> _Task goal_:
Beginning at the line that contains "Photo #1: 2336057 Listing" and finishing at the line that contains "حذاء سهل الارتداء", output the data below exactly. Include both end lines and no pictures.

> _Material shown_:
# # # # #

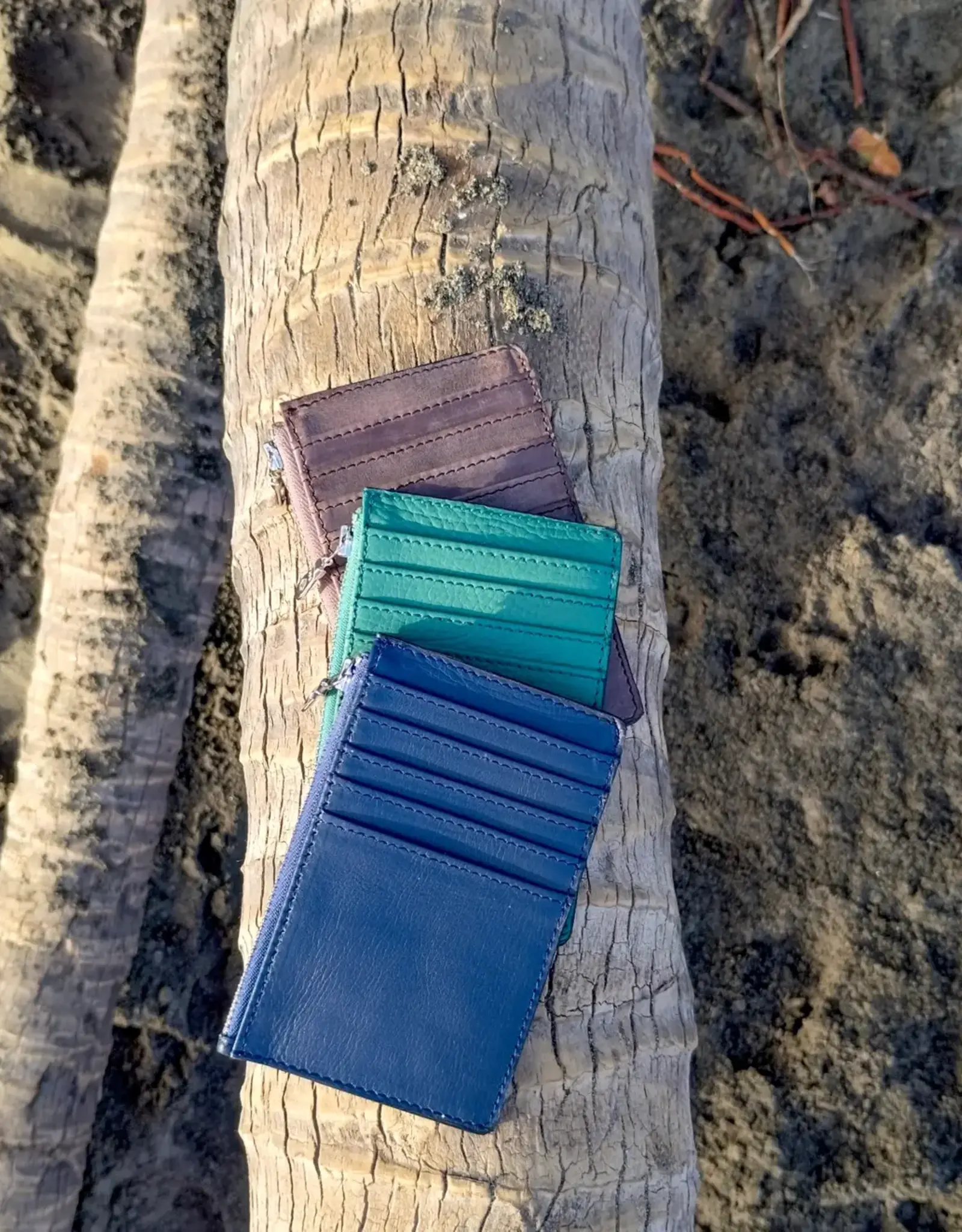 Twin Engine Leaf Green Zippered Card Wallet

# # # # #

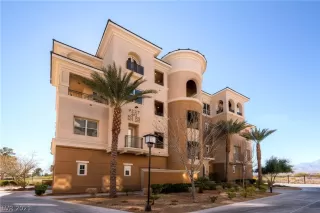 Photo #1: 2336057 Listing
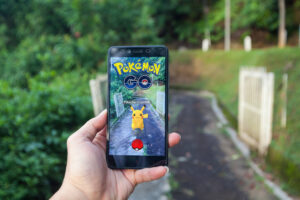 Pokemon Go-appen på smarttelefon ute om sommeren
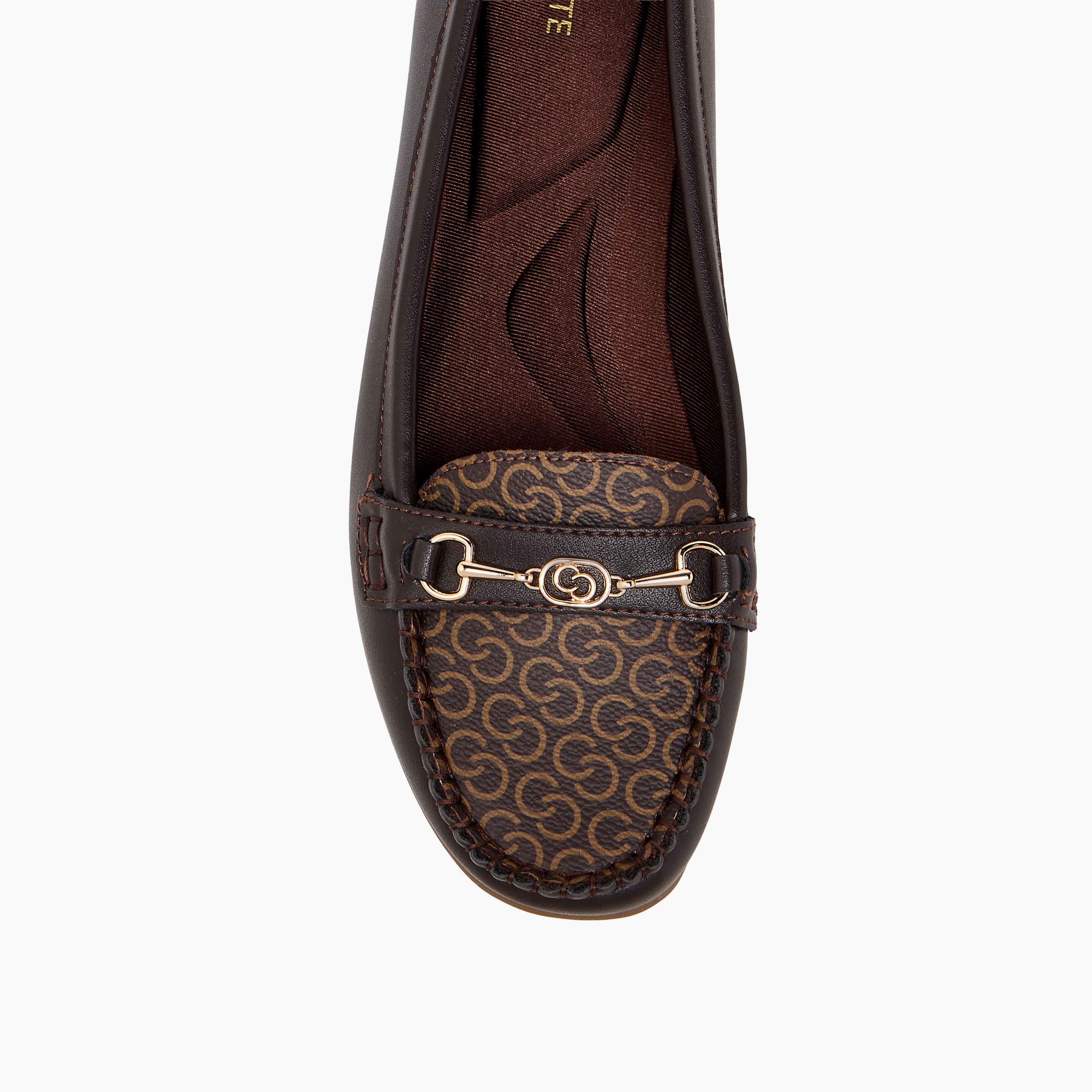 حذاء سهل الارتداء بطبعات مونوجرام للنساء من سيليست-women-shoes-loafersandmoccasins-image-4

# # # # #

> _Your solution_:
 Photo #1: 2336057 Listing
 Pokemon Go-appen på smarttelefon ute om sommeren
 حذاء سهل الارتداء بطبعات مونوجرام للنساء من سيليست-women-shoes-loafersandmoccasins-image-4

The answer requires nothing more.